Updated: Jun 18, 2020
'Social-free' Set Me FREE So, recently I decided to take a healthy and much needed break from social media, and that even included blogging (eek!). I think what really pushed me to do it was the fact that I felt like I wasn't fully present (if you know what I mean). I guess I kind of felt like life was just 'happening to me' and I wasn't really living it. The pressures of life just felt amplified when I would compare myself to social media's standards and, in all honesty, I just wanted to just switch off all the noise for a bit and be fully present in the moment. I needed to remind myself to enjoy and fully live out being a mum, a wife and colleague, and a friend again. I even found myself taking silly pictures again — not just the 'really cute' ones curated and perfectly positioned for 'the gram' — and doing things just to create memories for a change, and I really missed that. Taking regular breaks from social media is definitely something I will be adopting in the future, and probably something most should consider adopting for a healthier mindset.

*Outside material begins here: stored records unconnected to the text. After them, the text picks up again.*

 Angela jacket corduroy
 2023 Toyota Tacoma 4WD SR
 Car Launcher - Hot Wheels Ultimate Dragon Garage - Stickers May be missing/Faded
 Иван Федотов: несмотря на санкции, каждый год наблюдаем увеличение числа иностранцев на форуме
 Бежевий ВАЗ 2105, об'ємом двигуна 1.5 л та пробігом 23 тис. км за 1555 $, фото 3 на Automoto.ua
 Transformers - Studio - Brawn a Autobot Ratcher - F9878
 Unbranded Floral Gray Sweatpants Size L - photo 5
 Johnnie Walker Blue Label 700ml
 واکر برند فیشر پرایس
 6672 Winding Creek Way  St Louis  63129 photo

Thinking back to when my mum was in the 'nitty-gritty' of motherhood and raising me and my siblings to be who we are today, she didn't have social media; there were no YouTube videos or blogs listing out '5 easy steps to breastfeeding' or 'tips to be that perfect parent'. And whilst these can be extremely helpful (I mean, I've blogged about a fair few myself!), they can occasionally lead to us comparing our parenting styles and methods for raising our children against our top 'mummy influencers' or 'mum goals', and cause us to be distracted from exploring motherhood and developing an authentic and personal method of parenting. Recently, I had to ask myself some questions:
Am I really present ? Does this method work for me, or am I just following what social media says is the best routine? Am I a little too focused on making a life that appears perfect for 'the gram' that it actually ends up a little empty and not fully lived out?

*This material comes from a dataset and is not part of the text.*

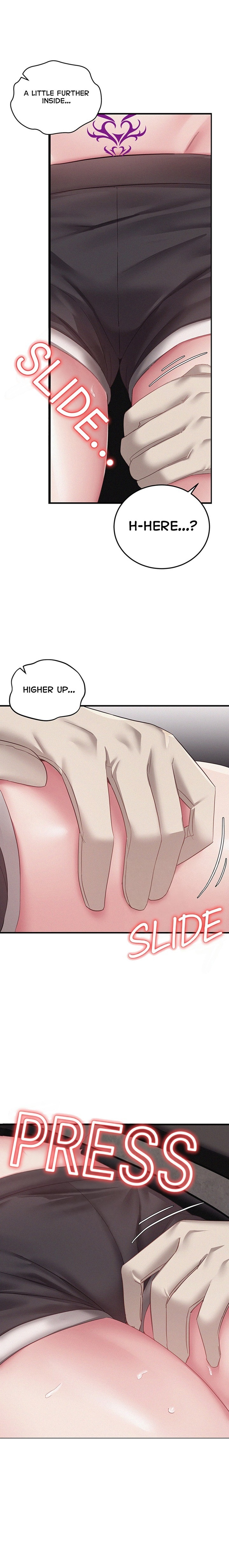 I Possessed the Body of a Delinquent Girl Chapter 10 Page 11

I really had to ask myself these hard questions because, just as quickly as Ethan turned one, life will pass you by just as fast, whether you choose to live it or just exist in it. I must give credit where credit is due, and we are moving in a good direction with this new movement called 'social-free Saturdays'. It encourages regular breaks from social media, as there has been a lot more research showing how it plays a big factor in poor mental health. Yes, it can be a powerful tool for information, business and recreation, but it can also be our biggest pitfall and, as a new, millennial mum, I definitely fell into that social media trap of comparison within the first few months of having Ethan.
A couple of months ago, an old school friend passed away. Some may know him as 'Muggy Mike' from series 3 of Love Island but I just remember him as Michael T with the green eyes who was a cheeky 'banterous' ladies man. But at just 26 years of age, it's been reported that he took his own life... And it really hit hard for me, especially now being a mum. It's crazy that in the world we live now, it's no longer just physical disease that is killing us, but mental health is now a huge perpetrator. As a mum to a little boy (and young man to be), this news really broke my heart and I can't imagine what his mother must be going through. But it really caused me to think about the fundamentals of what I will be teaching my children. More and more, I'm realising that this social media age is having a significant impact on mental health, and it would help to be schooled on how to use it safely and for our benefit; not our downfall. It's so important so they are mentally strong to cope with the negative comments or backlash that can come with being fully yourself on social media.
So, a question to the millennial mum: How do we navigate this thing called motherhood in this social media age?
LOVE THEM BEFORE THE WORLD DOES Love, so our children don't seek validation from 'likes' and 'comments' on social media. For me, I grew up in an African household where my father didn't show much affection (which I don't blame him for — it was how he was raised), therefore I know how that can impact a child's behaviours. So, for me and my husband, it is important that we will pour love into our son, so that his actions in this world only produce positivity. Love, so he can turn to me or someone for help when he needs it most. Love, so he can be a present father and husband one day. Clichéd, I know, but I believe that more love can change our world, and that means being present in each moment with him. So, more than ever I am definitely trying to adopt that ethos of taking regular breaks so I can be more present in the moment.
I encourage you to take more pictures "just because!", be silly again, meet up with friends in person, get off your phone and chill — maybe watch a movie with a loved one.